India’s Pronto formalizes house help as its valuation jumps 8× in under a year

Bangalore-based Pronto is helping bring India’s largely informal domestic help market online. As daily bookings increase and the city’s footprint expands, investors are opening their wallets.
The startup announced Tuesday that it had raised a $25 million Series B round led by Epiq Capital, valuing the nine-month-old company at $100 million. That’s more than double its $45 million valuation in August 2025 and more than eight times the $12.5 million level when it came out of stealth in May. Existing investors Glade Brook Capital, General Catalyst and Bain Capital Ventures also participated, bringing the total funding to approximately $40 million.
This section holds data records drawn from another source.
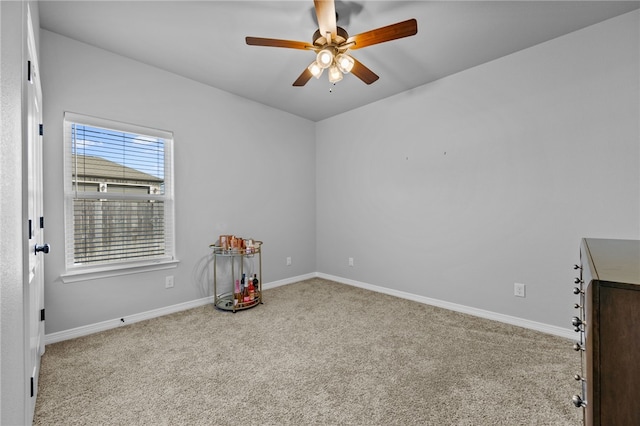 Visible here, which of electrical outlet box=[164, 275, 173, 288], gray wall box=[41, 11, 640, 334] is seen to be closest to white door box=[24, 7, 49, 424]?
gray wall box=[41, 11, 640, 334]

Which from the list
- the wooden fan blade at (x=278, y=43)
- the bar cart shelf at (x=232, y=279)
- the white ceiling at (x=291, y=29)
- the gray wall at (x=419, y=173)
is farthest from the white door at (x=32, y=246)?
the bar cart shelf at (x=232, y=279)

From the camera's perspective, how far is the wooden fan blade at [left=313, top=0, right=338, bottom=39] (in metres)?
1.72

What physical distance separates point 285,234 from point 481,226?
257 centimetres

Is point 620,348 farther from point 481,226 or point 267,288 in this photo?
point 267,288

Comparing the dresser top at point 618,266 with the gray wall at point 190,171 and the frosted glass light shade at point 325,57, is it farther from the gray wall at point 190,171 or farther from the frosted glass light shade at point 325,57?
the gray wall at point 190,171

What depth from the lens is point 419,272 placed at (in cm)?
350

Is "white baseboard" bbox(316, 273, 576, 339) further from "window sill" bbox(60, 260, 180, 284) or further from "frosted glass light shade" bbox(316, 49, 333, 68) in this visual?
"frosted glass light shade" bbox(316, 49, 333, 68)

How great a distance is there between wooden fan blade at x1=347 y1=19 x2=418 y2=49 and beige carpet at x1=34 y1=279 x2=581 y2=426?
2272 mm

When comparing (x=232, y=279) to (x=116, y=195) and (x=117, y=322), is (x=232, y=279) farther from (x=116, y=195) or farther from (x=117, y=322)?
(x=116, y=195)

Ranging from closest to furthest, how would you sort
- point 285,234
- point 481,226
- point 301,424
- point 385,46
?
1. point 301,424
2. point 385,46
3. point 481,226
4. point 285,234

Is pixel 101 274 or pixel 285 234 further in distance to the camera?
pixel 285 234

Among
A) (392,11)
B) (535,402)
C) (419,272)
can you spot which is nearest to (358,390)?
(535,402)

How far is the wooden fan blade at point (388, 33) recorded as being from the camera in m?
1.80

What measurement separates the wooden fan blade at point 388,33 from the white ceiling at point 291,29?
347 mm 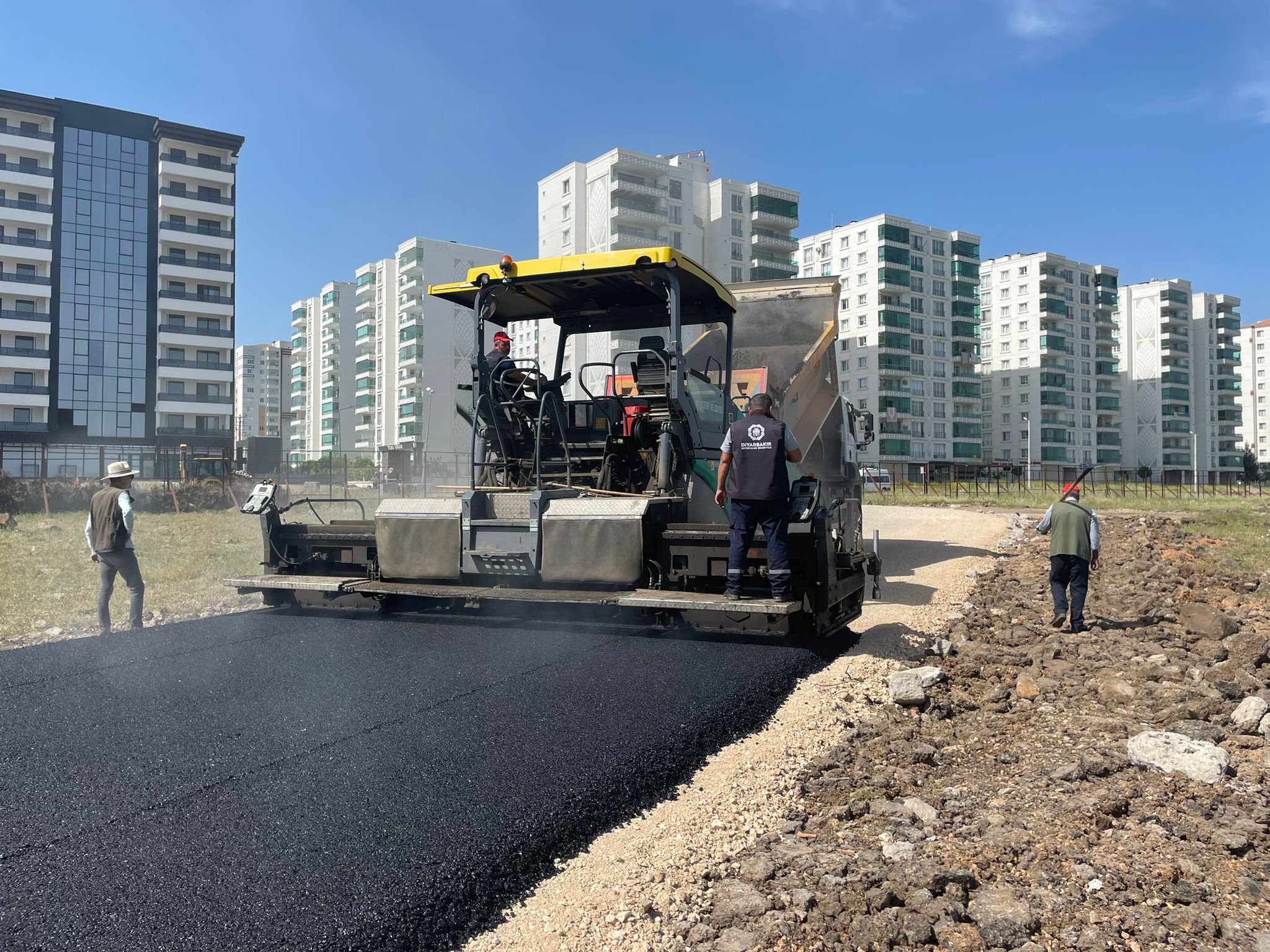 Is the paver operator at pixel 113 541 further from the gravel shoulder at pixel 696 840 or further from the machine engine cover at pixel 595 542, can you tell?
the gravel shoulder at pixel 696 840

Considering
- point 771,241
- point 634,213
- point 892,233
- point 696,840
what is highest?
point 892,233

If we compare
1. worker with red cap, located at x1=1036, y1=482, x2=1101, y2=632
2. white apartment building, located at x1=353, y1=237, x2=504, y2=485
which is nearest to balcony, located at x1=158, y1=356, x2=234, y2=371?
white apartment building, located at x1=353, y1=237, x2=504, y2=485

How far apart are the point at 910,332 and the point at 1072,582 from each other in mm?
62967

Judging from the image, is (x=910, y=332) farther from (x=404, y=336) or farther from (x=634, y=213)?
(x=404, y=336)

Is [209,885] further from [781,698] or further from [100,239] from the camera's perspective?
[100,239]

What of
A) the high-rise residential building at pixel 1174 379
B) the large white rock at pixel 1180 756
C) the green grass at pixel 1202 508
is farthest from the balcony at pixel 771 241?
the large white rock at pixel 1180 756

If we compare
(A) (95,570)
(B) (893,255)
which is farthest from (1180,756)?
(B) (893,255)

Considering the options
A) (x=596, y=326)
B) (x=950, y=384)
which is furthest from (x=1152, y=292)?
(x=596, y=326)

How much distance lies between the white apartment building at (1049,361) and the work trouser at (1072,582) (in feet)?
239

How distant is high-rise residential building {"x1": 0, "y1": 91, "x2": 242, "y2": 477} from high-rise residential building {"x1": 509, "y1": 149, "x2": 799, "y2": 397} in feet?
67.0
Pronto offers fast, structured services for everyday tasks – from cleaning utensils to cleaning – promising trained and verified professionals on demand.
The startup says it can dispatch workers in about 10 minutes to many of its micromarkets (serviced locations in the cities it operates), positioning the service closer to quick commerce than traditional home services. Each worker – who the company calls a “Pro” – undergoes in-person training and background checks before taking bookings, and is assigned structured shifts intended to provide a more predictable income than the informal arrangements common in the industry.
Pronto now handles 18,000 bookings per day, up sharply from 1,000 daily bookings last year, founder Anjali Sardana (pictured above, center) said in an interview. The median time between a customer’s first and second booking is just two days, she added, with the top 10% of the platform’s users placing nine or more orders per month. Sardana said the startup is targeting 70,000 daily bookings by June.
The startup has also rapidly expanded its geographic footprint, from one city to 10 — including Delhi NCR, Bengaluru and Mumbai — and from five to over 150 micromarkets in the last seven months, Sardana said. The bulk of activity, however, remains concentrated in a handful of markets, with the National Capital Region, which includes cities surrounding New Delhi, accounting for about half of total bookings.
Sardana said Pronto has only just begun to tap India’s mostly offline domestic services market, where most hiring still happens through informal networks. “I still believe that 99.99% of this market is completely offline,” she told TechCrunch. “In total, fewer than 100,000 people use a service like this every day, while tens of millions of households rely on offline arrangements. »
Market studies confirm this. The overall home services industry, according to a report by Redseer Strategy Consultants, was valued at ₹5.1 trillion to ₹5.21 trillion (approximately $56 billion to $57 billion) in fiscal 2025. Yet online penetration stood at less than 1% of net transaction value, underscoring how deeply entrenched word-of-mouth channels remain. But the online segment – currently small – is expected to grow at a compound annual rate of 18-22% through 2030, as rising incomes, urbanization and demand for reliability and convenience push more households to try digital platforms.